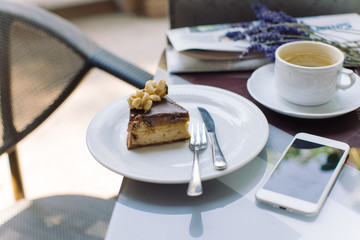 Cheesecake sliced and plated, cup of cappuccino, smart phone on table. Coffee break on summer terrace.
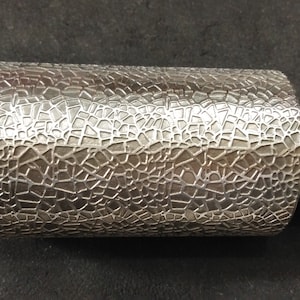 Könnte beinhalten: Ein zylindrisches Metallwerkzeug mit strukturierter Oberfläche, das ein Muster unregelmäßiger Formen aufweist. Das Werkzeug hat an jedem Ende einen soliden, polierten Metallschaft. Der strukturierte Teil hat einen Durchmesser von etwa 7,6 cm.
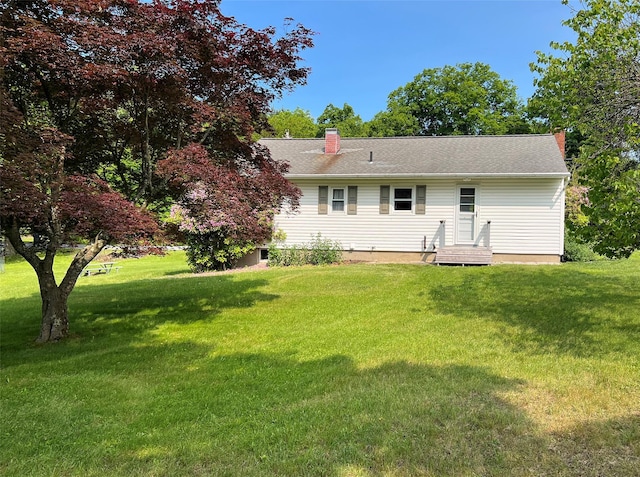 74 E Ridge Rd, Warwick, NY 10990 - rear view of house with a yard and a chimney
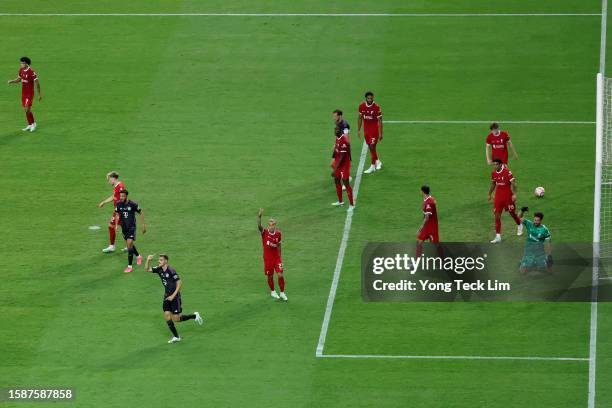 Josip Stanisic of Bayern Munich celebrates after scoring his team's third goal against Liverpool during the second half of the pre-season friendly at...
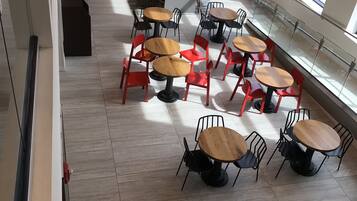 Un caffè moderno con tavoli rotondi e sedie rosse, una parete in mattoni e ampie finestre.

= = =

§ **EXERCISE OBJECTIVE**
Leave the pictures out, and please copy only the lines from the one with "Josip Stanisic of" through the end of the listing.

§ **ANSWER SECTION**
 Josip Stanisic of Bayern Munich celebrates after scoring his team's third goal against Liverpool during the second half of the pre-season friendly at...
 Un caffè moderno con tavoli rotondi e sedie rosse, una parete in mattoni e ampie finestre.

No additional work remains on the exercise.